* Data listing *
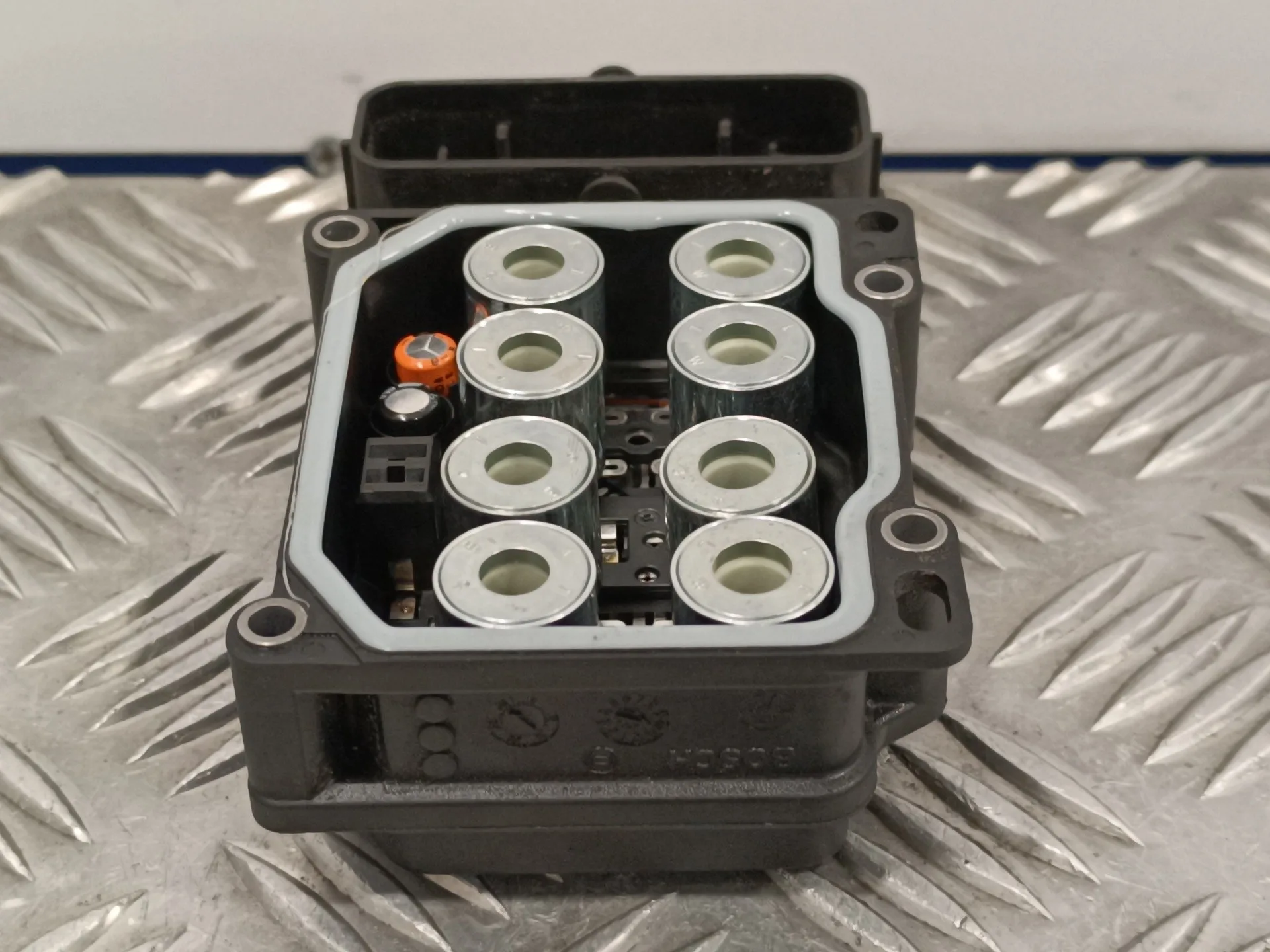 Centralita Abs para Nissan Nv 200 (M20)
==
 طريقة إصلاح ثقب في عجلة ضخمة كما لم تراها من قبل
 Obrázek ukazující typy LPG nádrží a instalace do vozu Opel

* Requirement *
Please give back, exactly as it stands above, the stretch from the line with "طريقة إصلاح ثقب" through the line with "Obrázek ukazující typy", and no line outside it.

* Expected output *
 طريقة إصلاح ثقب في عجلة ضخمة كما لم تراها من قبل
 Obrázek ukazující typy LPG nádrží a instalace do vozu Opel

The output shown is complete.